When Triton is installed, flash-semicrf uses custom GPU kernels with fused edge computation that significantly accelerate both forward and backward passes.

**How it works:**

The streaming API computes edge potentials on-the-fly from cumulative scores rather than materializing the full `O(T x K x C²)` edge tensor. The Triton kernel fuses this edge computation with the DP scan:

```
# Edge computed on-the-fly (never materialized):
content = cum_scores[t+k, c] - cum_scores[t, c]  # O(1) lookup
edge[t, k, c_dst, c_src] = content + duration_bias[k, c] + transition[c_src, c_dst]
```

Both the PyTorch reference and Triton implementations use the same streaming algorithm: ring buffer for O(KC) DP state, prefix-sum edge decomposition, and checkpoint-based backward pass. The Triton kernel fuses these operations for higher GPU throughput.

Key optimizations:

- **Fused edge computation** — computes edges on-the-fly via prefix-sum, avoiding the full edge tensor
- **O(KC) memory** — ring buffer for DP state, independent of sequence length
- **Separate forward/backward kernels** — the forward-backward algorithm requires computing marginals from both α (forward) and β (backward) messages, so these are necessarily separate kernel launches with checkpointing
- **Checkpointing** — trades compute for memory by recomputing alpha values during backward

**Usage:**

The `SemiMarkovCRFHead` uses Triton automatically when available—pass `use_triton=True` (the default on GPU) to `forward()`, `compute_loss()`, or `decode()`.

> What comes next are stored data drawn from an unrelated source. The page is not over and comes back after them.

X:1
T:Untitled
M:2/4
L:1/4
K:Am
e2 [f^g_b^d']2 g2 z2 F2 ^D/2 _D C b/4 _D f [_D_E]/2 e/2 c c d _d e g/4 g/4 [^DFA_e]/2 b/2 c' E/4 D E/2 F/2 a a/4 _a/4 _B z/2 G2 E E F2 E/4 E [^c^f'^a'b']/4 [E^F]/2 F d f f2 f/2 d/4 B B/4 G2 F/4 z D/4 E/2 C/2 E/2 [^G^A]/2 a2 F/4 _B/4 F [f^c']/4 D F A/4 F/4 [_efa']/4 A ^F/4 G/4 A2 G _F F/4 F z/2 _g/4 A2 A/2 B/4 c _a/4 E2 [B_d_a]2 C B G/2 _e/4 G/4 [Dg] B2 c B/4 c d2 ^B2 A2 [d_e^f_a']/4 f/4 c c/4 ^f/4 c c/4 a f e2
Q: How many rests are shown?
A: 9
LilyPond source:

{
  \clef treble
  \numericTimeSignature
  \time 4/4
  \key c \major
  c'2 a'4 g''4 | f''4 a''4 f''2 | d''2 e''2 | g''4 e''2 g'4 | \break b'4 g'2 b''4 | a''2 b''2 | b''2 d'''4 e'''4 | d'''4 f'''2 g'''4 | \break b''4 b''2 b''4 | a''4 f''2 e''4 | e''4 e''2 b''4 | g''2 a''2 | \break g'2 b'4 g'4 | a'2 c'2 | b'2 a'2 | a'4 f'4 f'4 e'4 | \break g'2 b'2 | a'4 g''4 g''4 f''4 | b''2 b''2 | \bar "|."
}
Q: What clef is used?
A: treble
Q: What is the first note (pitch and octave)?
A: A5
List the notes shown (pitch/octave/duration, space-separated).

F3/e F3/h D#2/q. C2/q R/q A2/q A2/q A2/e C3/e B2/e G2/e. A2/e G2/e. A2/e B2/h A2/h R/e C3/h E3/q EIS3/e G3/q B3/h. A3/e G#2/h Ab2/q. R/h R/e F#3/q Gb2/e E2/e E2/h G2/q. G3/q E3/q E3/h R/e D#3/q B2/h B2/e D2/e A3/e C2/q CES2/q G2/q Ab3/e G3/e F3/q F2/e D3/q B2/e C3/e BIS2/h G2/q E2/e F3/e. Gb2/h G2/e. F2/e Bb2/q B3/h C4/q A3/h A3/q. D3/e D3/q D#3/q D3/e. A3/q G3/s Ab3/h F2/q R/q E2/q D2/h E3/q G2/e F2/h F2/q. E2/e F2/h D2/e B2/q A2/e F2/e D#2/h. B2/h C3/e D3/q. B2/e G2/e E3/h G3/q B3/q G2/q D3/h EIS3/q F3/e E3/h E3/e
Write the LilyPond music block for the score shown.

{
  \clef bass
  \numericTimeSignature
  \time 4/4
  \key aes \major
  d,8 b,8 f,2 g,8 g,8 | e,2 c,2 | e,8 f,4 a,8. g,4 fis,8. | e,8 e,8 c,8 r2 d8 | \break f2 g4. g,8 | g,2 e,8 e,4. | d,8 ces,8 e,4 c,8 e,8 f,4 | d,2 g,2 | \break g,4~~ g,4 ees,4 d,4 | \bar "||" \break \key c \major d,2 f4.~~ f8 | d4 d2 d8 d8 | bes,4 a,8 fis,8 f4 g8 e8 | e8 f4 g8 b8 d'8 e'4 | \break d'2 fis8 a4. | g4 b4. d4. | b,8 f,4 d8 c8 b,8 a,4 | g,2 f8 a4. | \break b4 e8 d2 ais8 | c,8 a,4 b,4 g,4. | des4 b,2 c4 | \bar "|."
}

For direct access to the streaming kernel:

```python
from flash_semicrf.streaming import semi_crf_streaming_forward

# Cumulative scores from encoder (see docs for zero-centering requirements)
partition = semi_crf_streaming_forward(
    cum_scores, transition, duration_bias, lengths, K
)
```

For performance characteristics, see [Benchmarking](docs/reference/benchmarks.md).

## Documentation

- [Integration guide](docs/guides/workflow_integration.md) — how to use flash-semicrf with BERT, Mamba, CNNs, and other encoders
- [Parameter guide: T, K, C](docs/guides/parameter_guide.md) — understanding sequence length, duration, and state dimensions
- [Semirings guide](docs/guides/semirings.md) — context and intuition for semirings used in flash-semicrf
- [Uncertainty and focused learning](docs/guides/uncertainty_and_focused_learning.md) — boundary confidence, active learning, and clinical applications
- [Backends and Triton kernel](docs/reference/backends.md) — algorithm selection and GPU acceleration
- [API reference](docs/reference/api.md) — detailed API documentation
- [Benchmarking](docs/reference/benchmarks.md) — performance measurement
- [FAQ](docs/faq) — background and frequently asked questions
- [AI disclosure](docs/disclosure.md)

## Testing

```bash
pytest tests/ -v
pytest tests/ --cov=flash_semicrf --cov-report=term-missing
```

Tests run CPU-only by default. GPU tests require CUDA and are skipped in CI.

## Implementation Status

| Component | Status |
|-----------|--------|
| **Streaming Algorithm** | O(KC) memory, ring buffer + prefix-sum edges |
| **PyTorch Backend** | Reference implementation, CPU/GPU |
| **Triton Backend** | Fused GPU kernel, Log/Max semirings, 2-5x faster |
| **Semirings** | Log, Max, Std, KMax, Entropy, CrossEntropy, KLDivergence |

## Acknowledgments

This library builds on [pytorch-struct](https://github.com/harvardnlp/pytorch-struct) by Alexander Rush. GPU kernels are written using [Triton](https://github.com/triton-lang/triton).

## License

MIT License - see [LICENSE](LICENSE) for details.